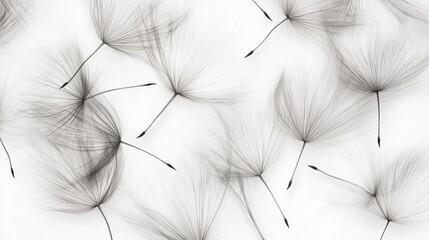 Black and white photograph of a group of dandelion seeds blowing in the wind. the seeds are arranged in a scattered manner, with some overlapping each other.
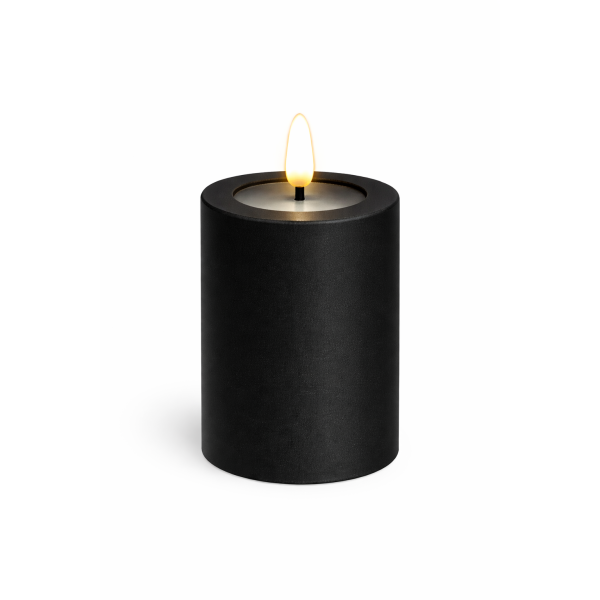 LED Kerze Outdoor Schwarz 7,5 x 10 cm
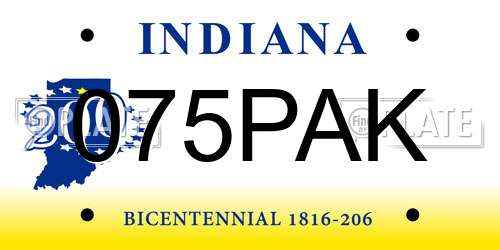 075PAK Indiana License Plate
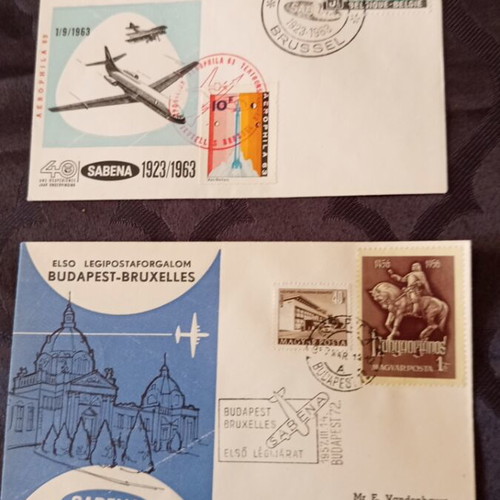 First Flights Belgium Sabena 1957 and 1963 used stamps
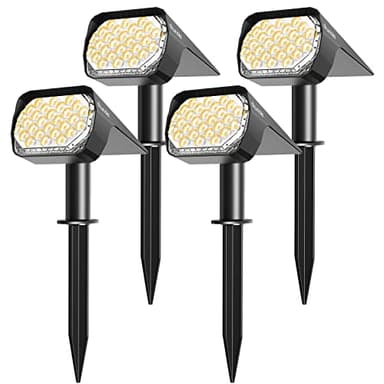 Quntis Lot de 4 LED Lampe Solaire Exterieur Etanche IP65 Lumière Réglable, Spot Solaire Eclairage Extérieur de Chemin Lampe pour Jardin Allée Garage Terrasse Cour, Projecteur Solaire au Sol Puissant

---

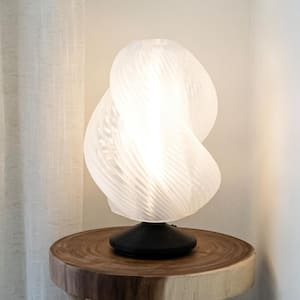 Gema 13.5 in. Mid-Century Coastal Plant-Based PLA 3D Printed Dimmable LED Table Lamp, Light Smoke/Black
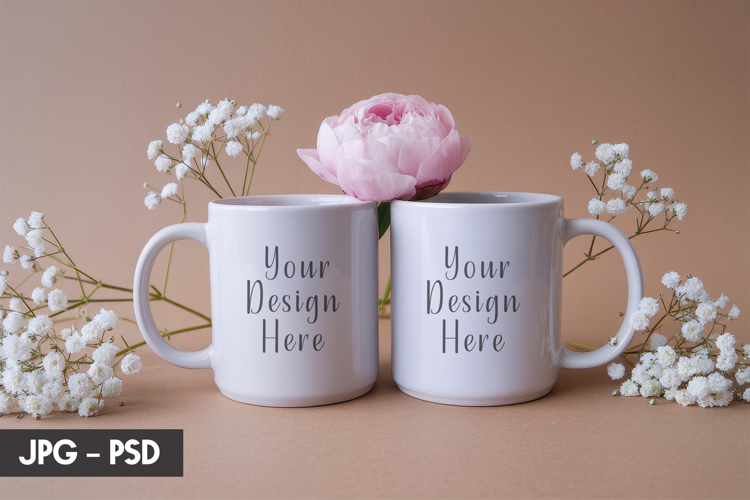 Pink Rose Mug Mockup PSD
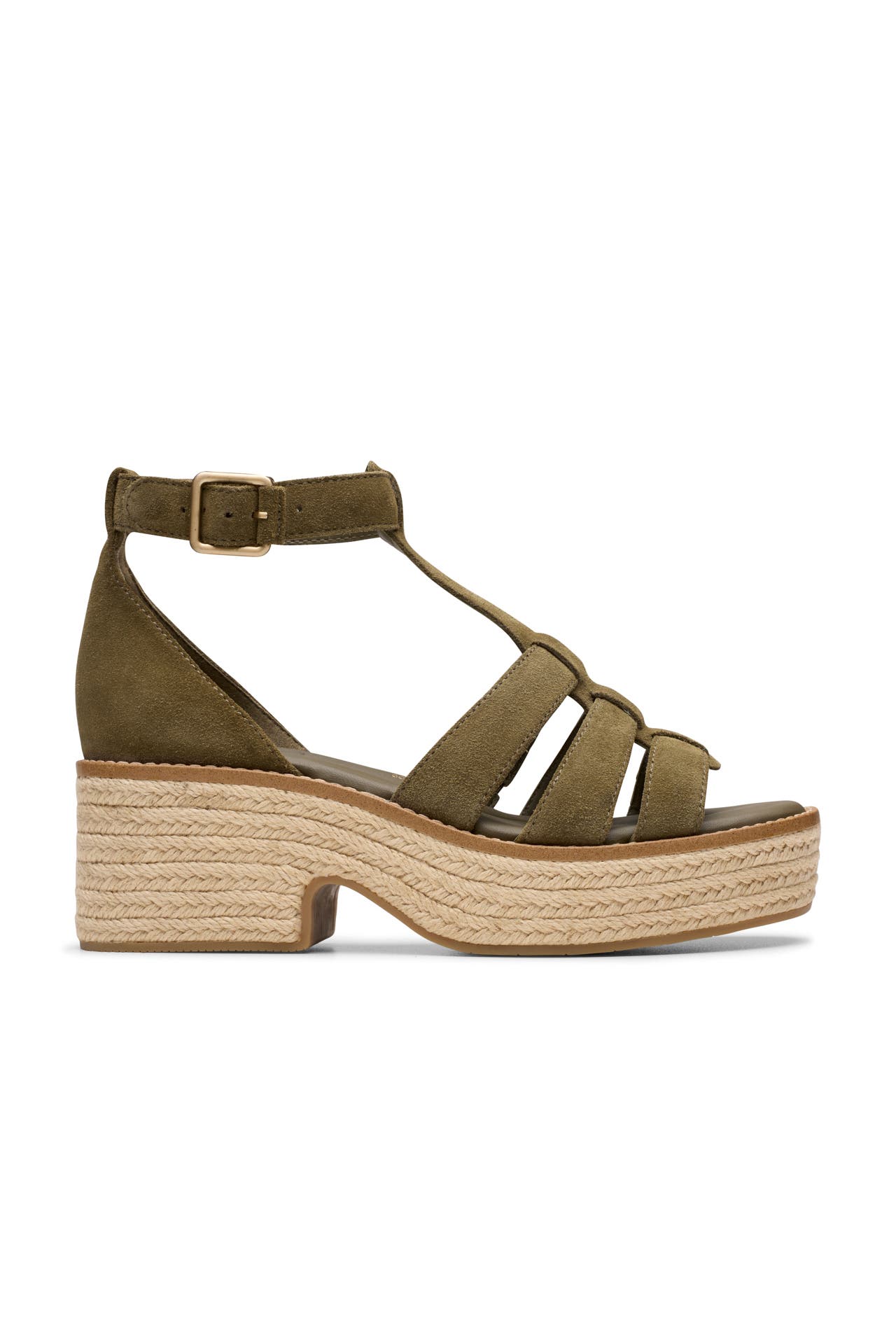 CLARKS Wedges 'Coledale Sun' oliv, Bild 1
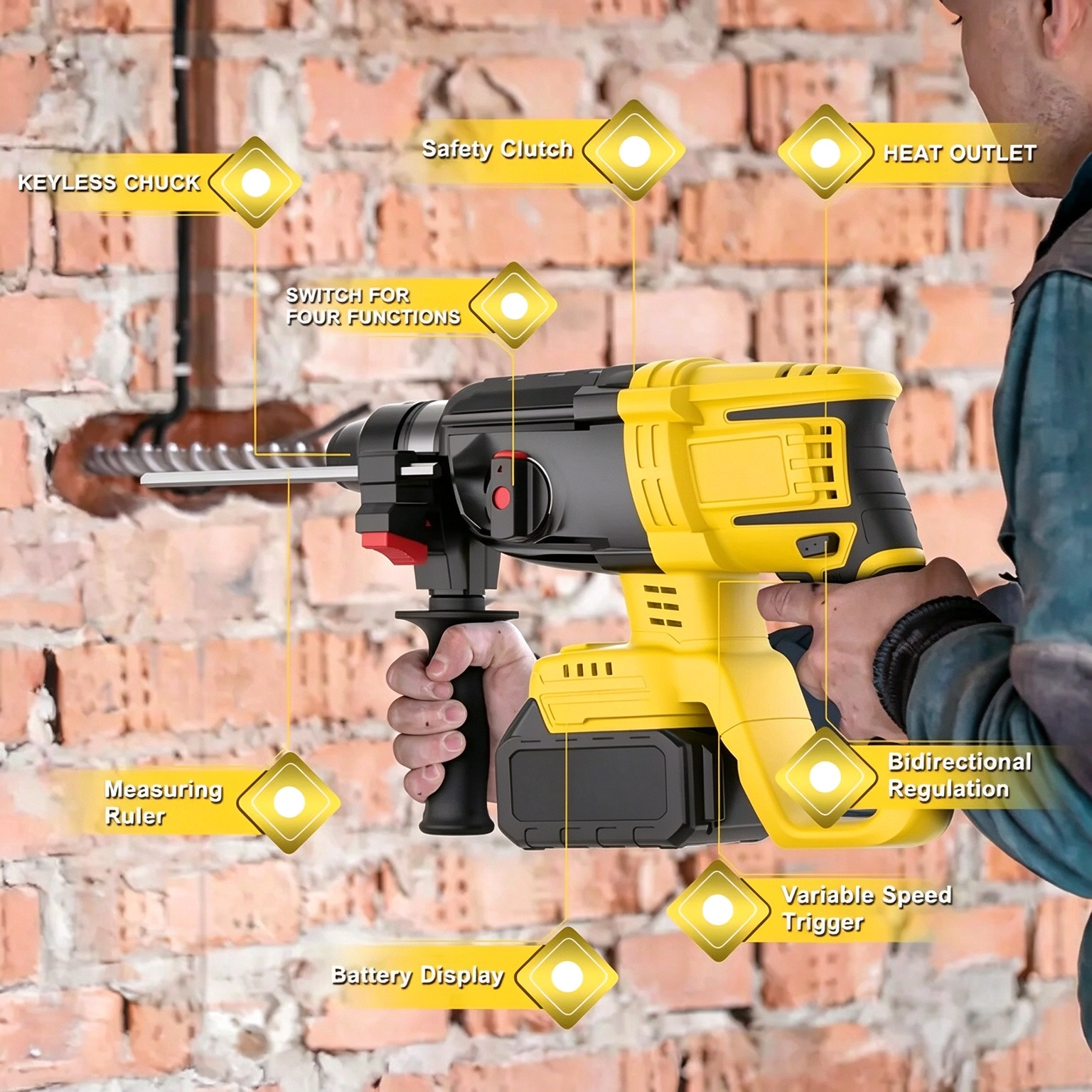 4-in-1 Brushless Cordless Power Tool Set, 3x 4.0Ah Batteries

--

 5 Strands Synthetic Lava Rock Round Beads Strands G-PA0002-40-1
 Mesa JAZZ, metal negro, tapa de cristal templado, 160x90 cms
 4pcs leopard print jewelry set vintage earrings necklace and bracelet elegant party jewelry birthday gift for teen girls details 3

GOAL OF THE EXERCISE
Your answer should consist of the lines above between those holding "Pink Rose Mug Mockup PSD" and "4-in-1 Brushless Cordless", inclusive, reproduced word for word and without pictures.

EXERCISE RESPONSE
 Pink Rose Mug Mockup PSD
 CLARKS Wedges 'Coledale Sun' oliv, Bild 1
 4-in-1 Brushless Cordless Power Tool Set, 3x 4.0Ah Batteries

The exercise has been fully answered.